Gáspár made a mistake his father would never make. He decided to complain to one of the internet news outlets that dared to write about his unusual appearance in the VIP section. And of all places, he picked 444.hu, which is known for its caustic and irreverent style. He practically demanded that the news organ not publish anything about him because he is not a public figure, just an ordinary citizen. 444.hu told young Gáspár that he has been a public figure for some time and that after his appearance on the international scene he certainly is one now. Moreover, newspapers, the editors lectured him, write about ordinary citizens as well.
After this exchange the outrage has only grown and with it the number of jokes and less than complimentary descriptions of the abilities of the prime minister’s son. 444.hu led the way. They called young Orbán “the prince of the Hungarians.” Others followed: “Gáspár or Viktorfi?”
The World Cup final took place on July 13 and Gáspár’s picture appeared in every second newspaper in the world. As soon as he arrived back home he wrote his complaining letter to 444.hu, and two days later came the news: Gáspár at the age of 22 has retired from football. The news was received with astonishment.
It is not clear why he decided to quit the sport. HVG learned that the events of the last few days convinced him that he is not cut out for that kind of “fame.” But I personally suspect that “Viktorfi” had enough of feeling that his football “achievements” are not really his own. Apparently the Puskás Academy’s team has been thoroughly transformed: thirteen players are leaving and nine new ones are joining. Perhaps he realized that without his father’s name he would not have been one of them.
Whatever the case, the media is not any kinder to Gáspár Orbán after his retirement. One sarcastic headline read: “The absence of Gáspár Orbán is hovering over Hungarian football.” Cink.hu called the retiring Gáspár “the Eaglet,” the nickname of Napoléon’s son Franz, Duke of Reichstadt, and what came afterward was a condemnation of the father who put such pressure on his son. “Miserable Gáspár has the country’s most willful sport-daddy, who has the greatest opportunities to fulfill his own ambitions.” Plastic.hu did not feel any sympathy for the oppressed son. If he wanted to be his own man, why did he attend the Puskás Academy and why did he go and sit in the VIP section in Rio de Janiero? Our poor “national martyr.”
Then slowly details emerged. Apparently, Gáspár told his coach after the FTC-Puskás Akadémia game (1-0) that he no longer wants to be a member of the team. A few hours later hir24.hu reported that Gáspár talked about quitting in May while in Uganda where he was teaching children to play football. Gáspár apparently was a volunteer with a relief organization called “Empower a Child in Uganda.” In May this organization put up a photo of Gáspár barefoot like the children with him on Facebook.

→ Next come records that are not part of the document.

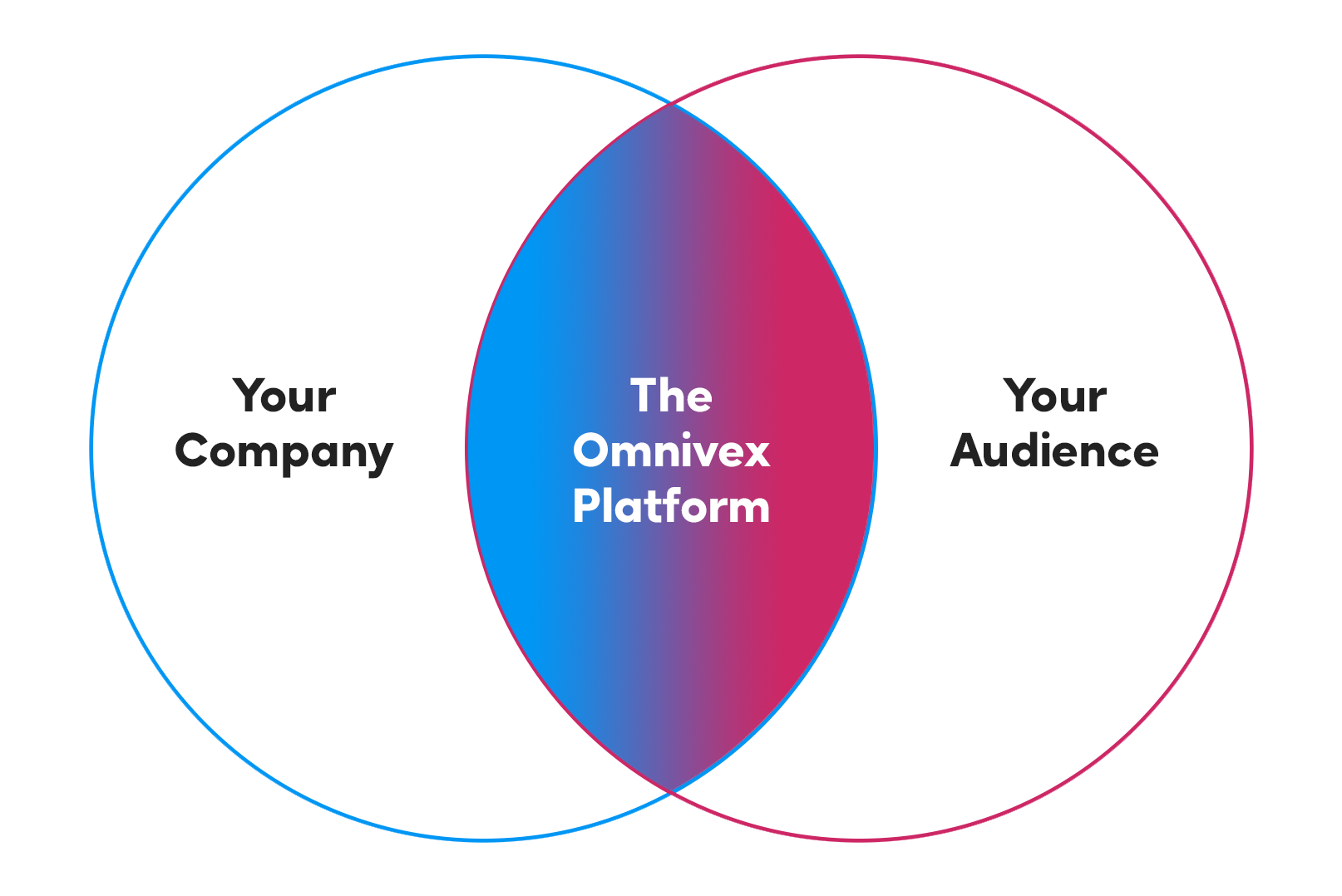 Omnivex platform icon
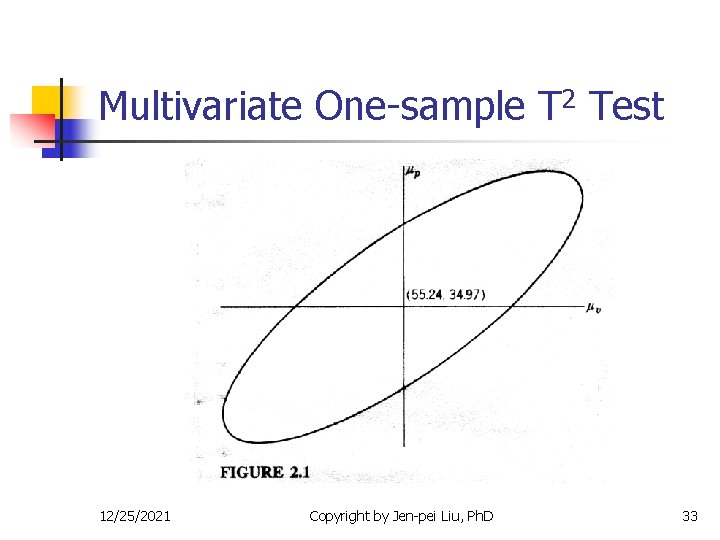 Multivariate One-sample T 2 Test 12/25/2021 Copyright by Jen-pei Liu, Ph. D 33 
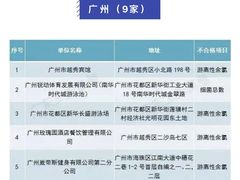 -越秀宾馆游泳馆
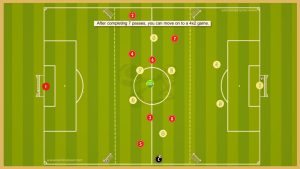 Psg – Possession – Transition Game With Finishing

The text that accompanied the photo read: “Meet one of our New MSTs Gaspar Orban training children in soccer. He is a former professional football player in Hungary who quit the profession after GOD called him to serve his kingdom. He is now blessing the children of Zirobwe village with skills in one of the world’s most loved games.”
So, it seems that Gáspár decided to liberate himself. He just had enough. I wonder when the Hungarian people will decide to follow his example.